By Chockalingam Narayanan
(Head of Equities, BNP Paribas Mutual Fund, India)
Take on the current equity market rally
We have had one of the broader rallies in the market over the last 15 months; and the excess liquidity in the system seems to be supporting the continuation of the same.
With marginal money mainly coming in from retail investors, this seems to be moving more towards initial public offerings (IPO), small caps and midcaps that this set of investors have generally been more active in. While earnings trajectory has been supporting it thus far, the small and midcaps are now actually not offering as much higher growth for the valuation premium that they seem to be commanding vs in the past.
To that extent, one has to be very careful in this stage of the market about what businesses and stocks one owns, follow the investment philosophy that one’s risk appetite and horizon provides comfort for and follow this with discipline.
Impact of US Fed’s latest statement on Indian markets
The latest US Fed statement (July 2021) highlighted that a number of FOMC members (Federal Open Markets Committee) argued that the tapering should start with knocking off the USD 40 billion monthly purchase of MBS (Mortgage-backed securities). It is inevitable that the Central Banks will at some point look to taper and that could take some liquidity out of the system. They could also possibly look at raising rates sometime late next year.
While these measures could put some pressure on the markets, the earnings trajectory does seem quite sound. From a valuation perspective though, tightening measures from the central banks is likely to have some impact on the multiples. Hence, as we head towards that change in regime, we could continue to see some volatility.
On the flourishing IPO season in India
The market is reasonably awash with liquidity and retail participation has been at the highest levels.

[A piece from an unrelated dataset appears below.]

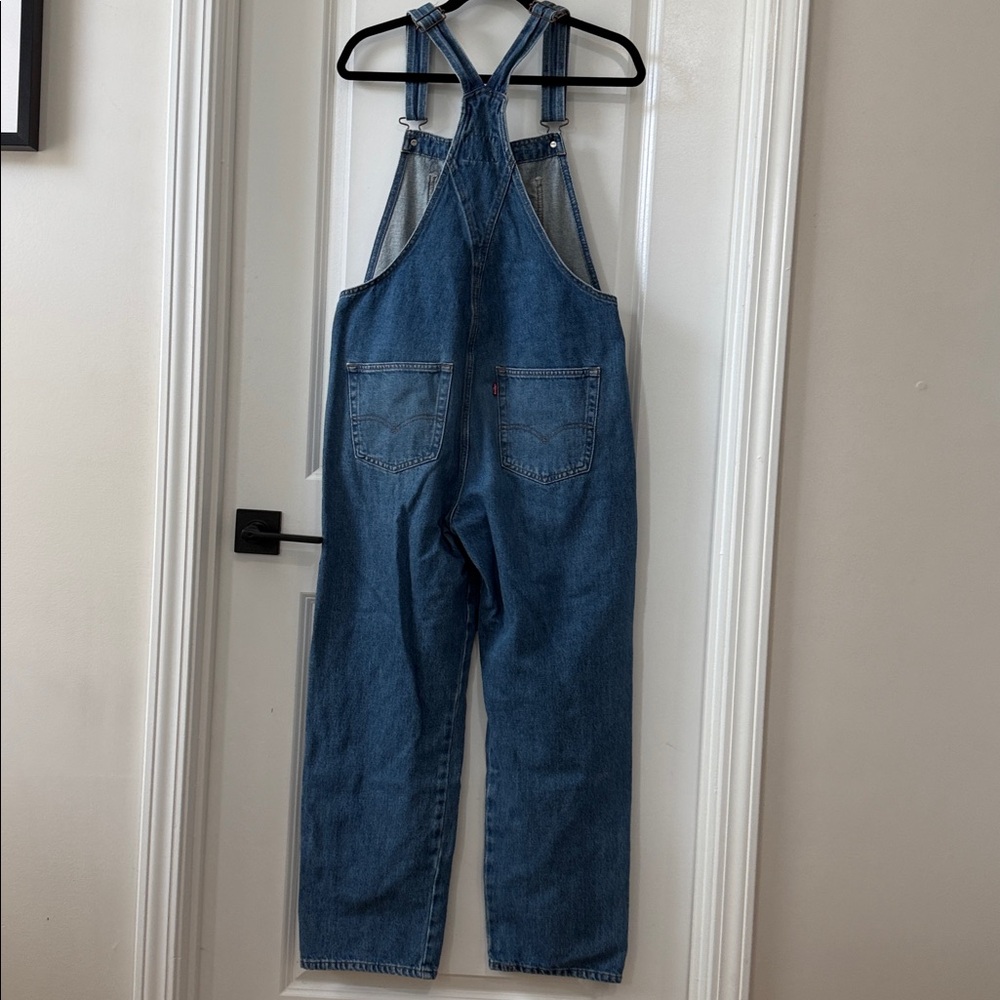 Levi's Blue Denim Overalls - Picture 3 of 5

That historically has led to good IPO markets. The good part is – this will make the market more representative of the economy. A lot of the sectors that were playing a large part in the economy were not represented – be it e-commerce, fintechs. So from that perspective, this will be good.
However, investors need to tread with caution. Alongside some of these marquee business listings, we are also seeing a whole host of other companies that have proximate peers already listed. Now given this frenzy, we are actually seeing a lot of premiums (in terms of multiples) and money chasing these new unknown names for public markets when actually more credible similar companies with track records being available at much cheaper levels. That dichotomy will at some point in time get bridged.
The sector(s) mentioned in this document do not constitute any recommendation of the same and BNP Paribas Mutual Fund may or may not have any future position in these sector(s).
Earnings Growth Estimates
The results season has been a mixed one. Given the very benign base from which one is looking at, the growth numbers are looking fairly buoyant. If we look through from a two year CAGR basis, even then growth is clearly visible. Revenue expectations have been largely met but margins have been a tad below expectations given the steep inflationary pressure that is running across. PAT also consequently seems to be a tad below expectations. The overall Earnings per share (EPS) estimates of the street (as per Bloomberg) for the benchmarks like Nifty/Sensex to that extent have been largely plateauing vs an increasing trend seen in the last two quarters.
The good part is that leading businesses across most sectors seem to have taken the pain upfront and hence barring a very bad subsequent wave(s) of Covid-19, we seem to be reasonably well positioned. So from the earnings perspective, we believe we are reasonably positioned for a mid-teens earnings growth in the next 24 months.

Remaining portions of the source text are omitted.